▶ **Instructions to follow**:
Leaving out the pictures, return word for word the stretch of entries below from the line holding "Excursie de o" through the line holding "Продажа на аукционе".

Start of Exercise input

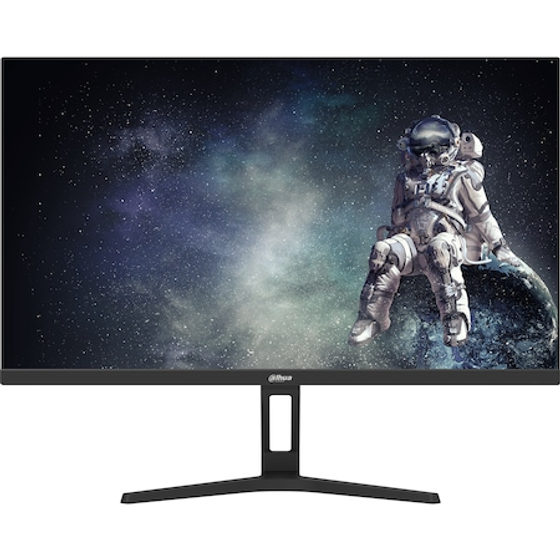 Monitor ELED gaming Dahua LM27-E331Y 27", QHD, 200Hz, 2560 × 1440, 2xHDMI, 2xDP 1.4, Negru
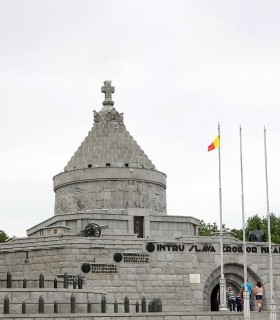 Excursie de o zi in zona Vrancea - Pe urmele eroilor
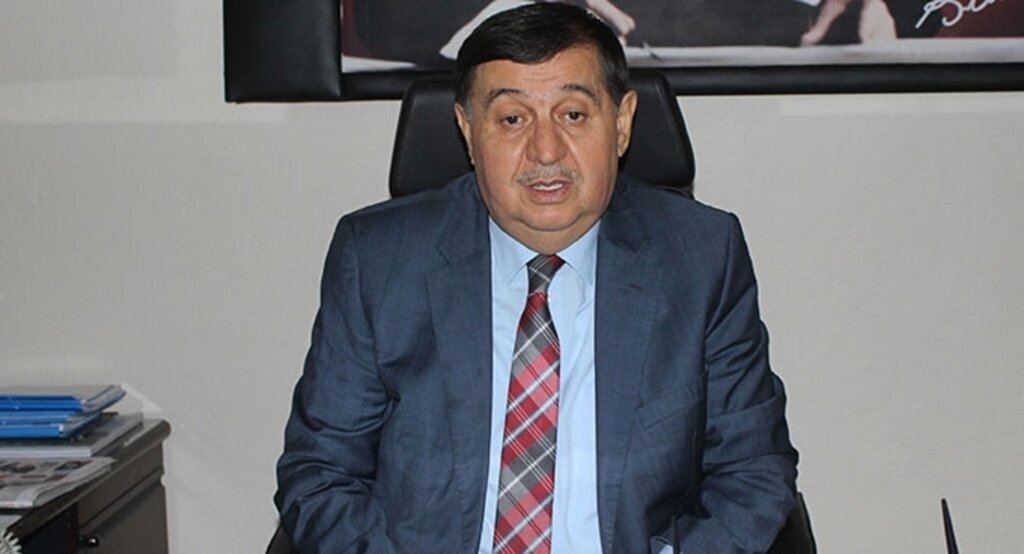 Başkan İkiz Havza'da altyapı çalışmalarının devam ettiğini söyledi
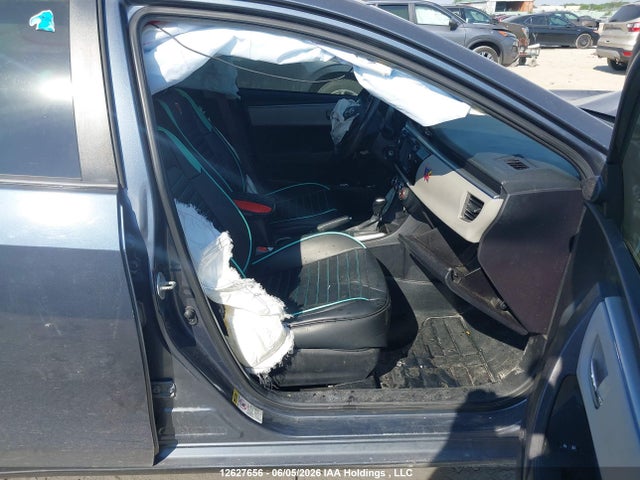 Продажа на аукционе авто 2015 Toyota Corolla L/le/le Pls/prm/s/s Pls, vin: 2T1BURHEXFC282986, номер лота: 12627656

End of Exercise input
Start of Exercise input

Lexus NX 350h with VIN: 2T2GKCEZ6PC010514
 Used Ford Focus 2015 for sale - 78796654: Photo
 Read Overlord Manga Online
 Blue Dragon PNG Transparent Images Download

End of Exercise input

▶ **Solution for this problem**:
 Excursie de o zi in zona Vrancea - Pe urmele eroilor
 Başkan İkiz Havza'da altyapı çalışmalarının devam ettiğini söyledi
 Продажа на аукционе авто 2015 Toyota Corolla L/le/le Pls/prm/s/s Pls, vin: 2T1BURHEXFC282986, номер лота: 12627656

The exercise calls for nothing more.